Upstairs, a nonchalant voice called to Rita over and over again, until the silence in response gave way to frustration and Lord Byron raised his tone as he did whenever somebody ignored him. Luke ignored the commotion and crafted another sentence detailing the texture of another person’s blood. A second voice called Rita. It was Mary’s, who claimed to have heard loud stomping down in the basement, finding it unusual for Rita to take so long in the simple task of leaving a meal for a guest.

“Luke!” she called. “Everything alright?”

The rushed scribbles stopped. Luke couldn’t keep writing with all those distractions. Never mind the pool of Rita’s blood under his feet. That he could tolerate. But not Mary’s incessant calling. He ought to silence her too, like he’d silenced Rita, with the same knife so he could give the object greater weight in the story. He left the pencil on his desk, picked up his weapon, then raced up the stairs, hopping over entire steps with inhuman speed. Mary peered down from the threshold and screamed at the sight of the haggard man covered in blood, a silver knife in his hand, eyes like the hollow sockets of a skeleton. She slammed the door shut before Luke could reach her. He barreled into the door. On the other side, Lord Byron screamed a series of commands. Percy Shelley and Claire Clermont dragged a heavy bookshelf to barricade the door and fixed a wooden stool under the door handle.

“Let me out,” Luke hissed. “I did what you asked. I wrote the story.” 

But nobody answered him. Nobody opened the door or asked him why he’d killed Rita. The other writers gathered in the living room to decide what to do with Luke, until they reached a unanimous agreement to leave the barricade where it stood, to leave the madman in the depths of the basement with the fresh corpse and his manuscript, where he could hurt no one who tried to confront him. It would take weeks for the constables to arrive and bring him to justice anyway. They found it best not to confront him. Not to remember him. They would leave the mansion the following day after reinforcing the barricade and never speak of the man again. They would keep on writing about other monsters, not knowing Luke would do the exact same thing in the basement and bury himself deeper into the story that became his life and his death, for he never finished the tale, starving in the darkness, talking to himself and Rita’s ghost.
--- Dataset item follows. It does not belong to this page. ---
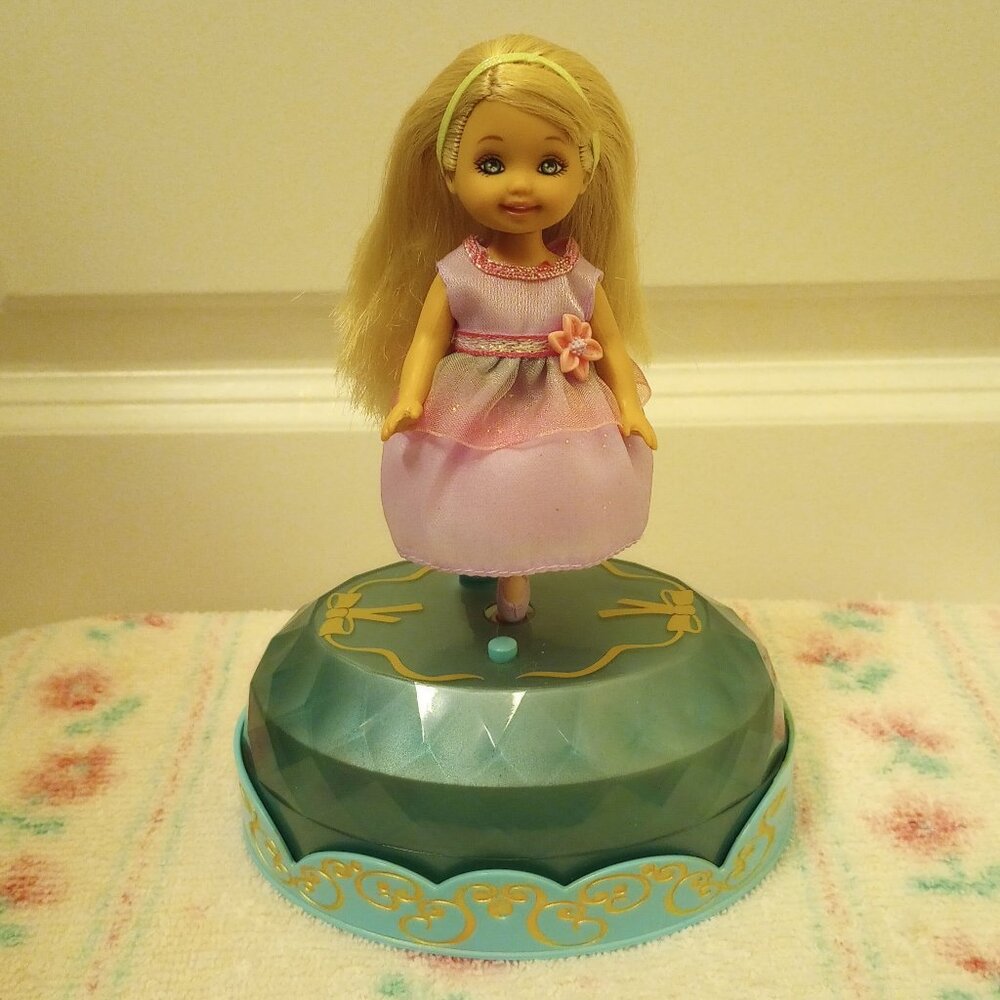 2005 Barbie in the 12 Dancing Princesses Lacey Doll, Pre-Owned With Batteries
Lord Byron’s mansion in Geneva still stands today, a macabre tourist attraction where literary enthusiasts go to conjure the image of Shelley writing the first draft of “Frankenstein,” not knowing it was there where she first witnessed a man, an inventor of sorts, driven mad by his creative obsessions. The man in question was forgotten. Down in the basement there are two dusty skeletons and a brittle, bloodstained manuscript. A pencil adorns the crooked desk like an afterthought. Some tourists swear they’ve heard incessant scribbles somewhere in the mansion, others suggest the stairs speak in a secret language of their own and unseen objects fall behind the door, always around the spring.